Christina Mackie
If something is boring, said John Cage, make it so boring it becomes interesting. Christina Mackie's deceptively straightforward video and sound installation 3/2 wait (1998) seems to have taken Cage's credo to heart. Imagine standing by the side of a very ordinary, very busy road. For once, however, instead of being irritated, you're transfixed by the endless stream of traffic. It's one of those moments of awareness you could describe as either heightened or dislocated (depending on your mood), when the space around you dissolves and reassembles until your environment begins to reveal something more interesting than the sum of its parts. You keep your eyes low, so any kind of interaction with the drivers, or with other pedestrians, is out of the question. The noise is overwhelming and unfriendly, but the specific nature of your concentration allows you to move beyond the superficial trappings of frustration into a realm of detached observation.
Occasionally your gaze is transfixed by the tarmac, as speckled and pretty as an Olitski. Then it shifts, microscopically until it engages with the flash of light on moving metal. These are the images Mackie shows simultaneously on the two video screens. After a while it becomes apparent that the two are peculiarly and subtly disjointed, almost, but never quite the same. It's a viewing experience that feels a bit like how I imagine being trapped in an eternal, inviolable non-space might feel.
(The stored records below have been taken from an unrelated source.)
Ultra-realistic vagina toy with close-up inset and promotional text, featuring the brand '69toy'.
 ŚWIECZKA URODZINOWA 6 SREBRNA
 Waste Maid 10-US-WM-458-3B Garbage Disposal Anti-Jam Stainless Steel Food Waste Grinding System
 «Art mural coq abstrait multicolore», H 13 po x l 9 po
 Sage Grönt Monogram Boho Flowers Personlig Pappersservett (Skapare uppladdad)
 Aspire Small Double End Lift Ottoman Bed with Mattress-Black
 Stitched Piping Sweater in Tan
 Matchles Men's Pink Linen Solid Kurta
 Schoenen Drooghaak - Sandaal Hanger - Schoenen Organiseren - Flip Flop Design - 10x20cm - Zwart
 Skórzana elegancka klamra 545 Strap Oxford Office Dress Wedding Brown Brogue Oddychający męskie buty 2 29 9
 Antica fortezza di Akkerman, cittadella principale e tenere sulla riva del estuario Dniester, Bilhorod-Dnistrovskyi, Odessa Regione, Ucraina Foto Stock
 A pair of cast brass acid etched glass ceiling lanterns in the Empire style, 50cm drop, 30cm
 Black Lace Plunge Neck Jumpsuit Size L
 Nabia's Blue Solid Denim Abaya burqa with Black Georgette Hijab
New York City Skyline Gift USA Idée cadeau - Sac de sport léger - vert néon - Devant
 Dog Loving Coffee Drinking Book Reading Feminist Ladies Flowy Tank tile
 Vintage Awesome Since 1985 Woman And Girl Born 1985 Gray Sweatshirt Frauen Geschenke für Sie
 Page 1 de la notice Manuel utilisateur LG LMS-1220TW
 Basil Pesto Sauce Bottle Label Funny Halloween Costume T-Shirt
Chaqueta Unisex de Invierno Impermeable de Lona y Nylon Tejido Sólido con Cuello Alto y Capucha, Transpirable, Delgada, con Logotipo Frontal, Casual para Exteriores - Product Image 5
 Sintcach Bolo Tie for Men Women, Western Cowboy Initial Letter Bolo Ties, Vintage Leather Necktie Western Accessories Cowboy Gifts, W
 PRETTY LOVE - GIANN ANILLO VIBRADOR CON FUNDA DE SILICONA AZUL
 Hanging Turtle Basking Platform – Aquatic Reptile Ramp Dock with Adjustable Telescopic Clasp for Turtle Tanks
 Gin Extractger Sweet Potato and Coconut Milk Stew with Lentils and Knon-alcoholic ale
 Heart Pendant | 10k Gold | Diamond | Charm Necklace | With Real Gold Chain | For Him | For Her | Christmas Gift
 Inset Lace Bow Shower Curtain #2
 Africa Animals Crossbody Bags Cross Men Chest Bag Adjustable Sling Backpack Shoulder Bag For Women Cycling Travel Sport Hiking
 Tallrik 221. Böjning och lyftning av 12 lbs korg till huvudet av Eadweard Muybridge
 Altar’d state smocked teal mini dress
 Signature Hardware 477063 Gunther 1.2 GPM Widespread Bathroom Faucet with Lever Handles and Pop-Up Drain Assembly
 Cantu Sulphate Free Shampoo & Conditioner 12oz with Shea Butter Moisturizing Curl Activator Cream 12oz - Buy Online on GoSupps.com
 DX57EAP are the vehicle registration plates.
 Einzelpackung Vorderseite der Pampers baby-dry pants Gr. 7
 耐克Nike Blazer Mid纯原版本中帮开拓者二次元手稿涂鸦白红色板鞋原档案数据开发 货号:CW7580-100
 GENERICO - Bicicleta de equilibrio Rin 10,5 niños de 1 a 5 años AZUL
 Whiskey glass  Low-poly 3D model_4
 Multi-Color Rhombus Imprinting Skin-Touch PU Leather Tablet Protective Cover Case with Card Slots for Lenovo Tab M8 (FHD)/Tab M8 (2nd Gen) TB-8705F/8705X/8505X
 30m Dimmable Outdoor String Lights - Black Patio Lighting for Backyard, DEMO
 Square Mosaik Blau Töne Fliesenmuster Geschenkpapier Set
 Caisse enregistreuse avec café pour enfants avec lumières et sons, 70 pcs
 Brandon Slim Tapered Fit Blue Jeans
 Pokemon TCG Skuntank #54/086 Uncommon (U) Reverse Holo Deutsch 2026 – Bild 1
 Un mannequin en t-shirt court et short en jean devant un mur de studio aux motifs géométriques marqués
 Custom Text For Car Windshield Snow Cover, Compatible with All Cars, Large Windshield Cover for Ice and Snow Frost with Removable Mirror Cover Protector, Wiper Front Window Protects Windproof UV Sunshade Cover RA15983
Surprisingly however, it's not so much an unbearable as a mesmerising experience. Perhaps it's because Mackie side-steps her subject's gloomier qualities to concentrate on its texture and rhythm, as if she's let her mind skip around the idea that maybe, inside all that visual and aural cacophony, there's a numb kind of beauty. She reinvents, or at least re-animates a moment of urban malaise by keeping both her own and the viewer's field of vision literally and metaphorically on edge. She doesn't allow your concentration to wander from the periphery - cars zoom into the frame with the staccato rhythm of a thousand edits, only to disappear just as nervously, leaving you with the sense that although the whole world seems to be well on their way to destinations you have no access to, at least the patterns they create whilst getting there are interesting. The three speakers fill the space with the sounds of infinite and distorted combinations of engines.
Perched on top of the monitors, a rather absurd transparent car phone occasionally rings. Alone in the gallery, it's hard not to feel that it's ringing for you. I didn't answer it, but apparently if you do, you hear someone hang up. If this is an aesthetics of alienation, it's an alienation tempered by a both a kind of resigned immersion and detachment within the structures that helped create that alienation in the first place. 3/2 wait appears to be not so much about an inability to interact with other human beings, as about how impenetrable the physical structures that surround us can appear, but also how, if looked at in a certain light or with a certain objective intensity they can be refigured into something more ambiguous and compelling than their more obvious delineation might suggest.